La finanza globale pregusta di mettere le mani sull’Ucraina? L'analisi dettagliata

di Chiara Morelli

Gli interessi economici dietro la ricostruzione dell’Ucraina: investitori globali e giganti della finanza dettano le regole

La finanza globale pregusta di mettere le mani sull’Ucraina? Nel giugno del 2023 si è tenuta a Londra la Conferenza per la ricostruzione dell’Ucraina, devastata dalla guerra in corso da quasi tre anni. Una conferenza che non solo ha delineato un piano per il futuro, ma che ha creato anche le condizioni per un massiccio intervento dei grandi capitali internazionali. Difatti, come evidenziato da Giuseppe Gagliano su InsideOver, la presidente della Commissione Europea Ursula von der Leyen ha richiesto 50 miliardi di euro a sostegno di Kiev, portando il totale complessivo da parte dell'Unione Europea a 100 miliardi. Tuttavia, la cifra necessaria per la ricostruzione si aggira in realtà tra i 400 e i 500 miliardi, di cui un terzo sarà erogato in forma di donazioni, e la parte restante, in prestiti. Per questo motivo, la ricostruzione dell’Ucraina, ha delineato anche una nuova prospettiva: quella di trasformare il Paese in una “piattaforma” per i grandi investitori globali.

A causa dell’enorme debito, dovuto ai prestiti, l’Ucraina, potrebbe infatti finire in mano al cartello dei finanziatori internazionali, riuniti nell’Ukraine Business Compact. Non è infatti un caso che la Conferenza per la ricostruzione si sia tenuta proprio a Londra, cuore della finanza mondiale assieme agli Stati Uniti, dove fondi d’investimento come Vanguard, BlackRock e State Street, sono diventati i principali sostenitori del piano di ricostruzione, attraverso gli “Ukraine bond”, che – quando sarà il momento - saranno veicolati attraverso le principali banche.

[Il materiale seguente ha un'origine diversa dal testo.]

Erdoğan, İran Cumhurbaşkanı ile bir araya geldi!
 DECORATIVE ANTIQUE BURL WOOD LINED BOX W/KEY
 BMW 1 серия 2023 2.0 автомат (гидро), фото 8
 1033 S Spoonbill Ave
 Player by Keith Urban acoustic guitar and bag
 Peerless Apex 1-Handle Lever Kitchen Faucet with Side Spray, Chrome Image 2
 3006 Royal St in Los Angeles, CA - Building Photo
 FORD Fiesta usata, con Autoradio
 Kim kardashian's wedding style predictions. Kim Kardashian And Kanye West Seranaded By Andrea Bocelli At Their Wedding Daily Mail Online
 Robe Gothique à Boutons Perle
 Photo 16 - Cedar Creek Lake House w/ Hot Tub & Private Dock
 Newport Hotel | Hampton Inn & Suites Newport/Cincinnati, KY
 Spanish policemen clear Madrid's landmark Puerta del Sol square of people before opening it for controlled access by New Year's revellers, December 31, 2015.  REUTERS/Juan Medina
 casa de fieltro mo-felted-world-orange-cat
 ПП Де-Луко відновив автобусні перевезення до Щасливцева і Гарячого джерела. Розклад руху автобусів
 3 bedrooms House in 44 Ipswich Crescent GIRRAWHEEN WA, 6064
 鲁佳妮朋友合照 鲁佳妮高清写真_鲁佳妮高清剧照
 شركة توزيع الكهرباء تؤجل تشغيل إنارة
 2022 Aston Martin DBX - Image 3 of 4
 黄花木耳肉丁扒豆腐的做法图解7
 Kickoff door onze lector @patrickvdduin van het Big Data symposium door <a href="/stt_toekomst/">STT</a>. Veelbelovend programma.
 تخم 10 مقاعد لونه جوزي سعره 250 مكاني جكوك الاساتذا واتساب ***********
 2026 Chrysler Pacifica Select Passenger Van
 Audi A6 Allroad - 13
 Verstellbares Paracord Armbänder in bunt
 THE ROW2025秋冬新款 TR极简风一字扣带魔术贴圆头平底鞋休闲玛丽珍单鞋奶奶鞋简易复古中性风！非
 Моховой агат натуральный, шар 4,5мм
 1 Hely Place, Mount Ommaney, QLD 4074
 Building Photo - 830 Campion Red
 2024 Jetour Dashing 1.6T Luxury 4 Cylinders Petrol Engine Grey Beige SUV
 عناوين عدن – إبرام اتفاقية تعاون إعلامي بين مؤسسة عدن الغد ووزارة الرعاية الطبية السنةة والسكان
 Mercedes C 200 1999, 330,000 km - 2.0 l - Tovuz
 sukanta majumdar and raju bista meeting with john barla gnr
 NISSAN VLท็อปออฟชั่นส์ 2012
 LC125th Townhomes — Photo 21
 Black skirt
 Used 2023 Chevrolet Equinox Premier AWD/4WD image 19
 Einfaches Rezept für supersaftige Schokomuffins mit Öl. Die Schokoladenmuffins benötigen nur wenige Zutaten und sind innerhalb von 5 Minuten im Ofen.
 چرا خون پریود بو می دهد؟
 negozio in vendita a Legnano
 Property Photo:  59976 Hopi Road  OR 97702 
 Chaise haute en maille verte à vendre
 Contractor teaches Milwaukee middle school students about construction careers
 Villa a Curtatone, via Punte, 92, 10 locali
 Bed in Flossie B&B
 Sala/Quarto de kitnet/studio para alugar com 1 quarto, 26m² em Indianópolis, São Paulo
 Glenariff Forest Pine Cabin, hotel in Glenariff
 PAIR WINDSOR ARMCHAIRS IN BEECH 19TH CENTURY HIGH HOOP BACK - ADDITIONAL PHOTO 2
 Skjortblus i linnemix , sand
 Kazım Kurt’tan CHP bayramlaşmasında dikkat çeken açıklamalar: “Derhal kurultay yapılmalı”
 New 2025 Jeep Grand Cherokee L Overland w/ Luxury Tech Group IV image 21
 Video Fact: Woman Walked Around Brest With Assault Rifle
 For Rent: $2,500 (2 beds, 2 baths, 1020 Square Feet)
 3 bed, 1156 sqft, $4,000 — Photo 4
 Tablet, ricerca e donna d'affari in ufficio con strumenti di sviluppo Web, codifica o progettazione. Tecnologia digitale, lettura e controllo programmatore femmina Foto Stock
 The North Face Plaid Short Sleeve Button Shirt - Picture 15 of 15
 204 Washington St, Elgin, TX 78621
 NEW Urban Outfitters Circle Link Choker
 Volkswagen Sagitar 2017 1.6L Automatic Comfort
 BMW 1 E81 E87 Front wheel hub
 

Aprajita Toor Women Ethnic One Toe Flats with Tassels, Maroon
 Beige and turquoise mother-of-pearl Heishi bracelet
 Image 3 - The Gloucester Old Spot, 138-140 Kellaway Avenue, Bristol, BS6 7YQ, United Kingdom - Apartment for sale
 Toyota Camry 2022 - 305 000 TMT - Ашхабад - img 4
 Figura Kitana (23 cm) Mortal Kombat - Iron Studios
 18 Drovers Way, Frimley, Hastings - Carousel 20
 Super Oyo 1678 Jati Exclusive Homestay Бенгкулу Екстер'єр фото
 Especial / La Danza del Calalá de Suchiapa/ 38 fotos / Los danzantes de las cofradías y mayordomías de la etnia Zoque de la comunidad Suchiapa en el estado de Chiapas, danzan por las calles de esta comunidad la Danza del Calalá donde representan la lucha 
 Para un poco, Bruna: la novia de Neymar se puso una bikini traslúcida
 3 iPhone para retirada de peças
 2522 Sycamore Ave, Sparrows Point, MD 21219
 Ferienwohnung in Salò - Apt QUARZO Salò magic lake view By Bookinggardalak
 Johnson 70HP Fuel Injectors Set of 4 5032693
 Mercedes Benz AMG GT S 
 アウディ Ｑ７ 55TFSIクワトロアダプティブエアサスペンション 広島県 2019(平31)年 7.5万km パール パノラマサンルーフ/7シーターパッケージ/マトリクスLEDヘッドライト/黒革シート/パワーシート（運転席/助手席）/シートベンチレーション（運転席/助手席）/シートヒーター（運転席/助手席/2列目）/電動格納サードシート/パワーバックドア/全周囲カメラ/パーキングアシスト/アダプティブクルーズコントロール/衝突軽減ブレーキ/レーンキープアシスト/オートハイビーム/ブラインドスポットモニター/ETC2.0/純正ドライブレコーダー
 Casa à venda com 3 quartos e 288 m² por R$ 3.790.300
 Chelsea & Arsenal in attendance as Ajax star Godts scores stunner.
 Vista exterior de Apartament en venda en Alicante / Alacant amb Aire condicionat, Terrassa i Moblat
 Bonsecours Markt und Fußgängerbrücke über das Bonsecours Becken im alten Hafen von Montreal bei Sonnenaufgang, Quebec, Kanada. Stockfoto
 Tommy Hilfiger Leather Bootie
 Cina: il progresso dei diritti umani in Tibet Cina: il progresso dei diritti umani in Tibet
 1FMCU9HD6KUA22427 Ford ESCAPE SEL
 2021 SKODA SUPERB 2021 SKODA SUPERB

Il conflitto però non è ancora terminato - almeno per ora - e un altro settore che sta “beneficiando” della situazione, è quello delle aziende di armamenti: colossi come Lockheed Martin, Northrop Grumman, Raytheon, Boeing e Leonardo negli ultimi anni hanno visto aumentare il valore delle loro azioni, con i principali azionisti che coincidono ancora una volta con i grandi fondi d'investimento. Vanguard, BlackRock e State Street possiedono infatti significative quote di queste aziende, dove, sfruttando la loro posizione, ottengono enormi guadagni attraverso la speculazione sui conflitti in corso, tra cui proprio la guerra in Ucraina.

Infine, c’è anche il settore strategico del rame, una risorsa sempre più fondamentale per la transizione energetica, un altro ambito su cui i grandi fondi stanno puntando. Anche in questo caso, Vanguard, BlackRock e State Street detengono partecipazioni in colossi come Bhp Group, Freeport-McMoRan e Rio Tinto. Per cui, se riusciranno a monopolizzare (anche) questo mercato, potrebbero determinare un’impennata dei prezzi, con effetti inflazionistici sull’economia globale. In conclusione, dietro a quello che viene pubblicamente presentato come semplice “piano di ricostruzione” di un Paese, l’Ucraina, devastata dalla guerra, si nasconde in realtà un “gioco” di interessi finanziari che riguardo un numero ristretto di attori, che però, potrebbero riscrivere le regole in un’ottica globale, con effetti macroscopici.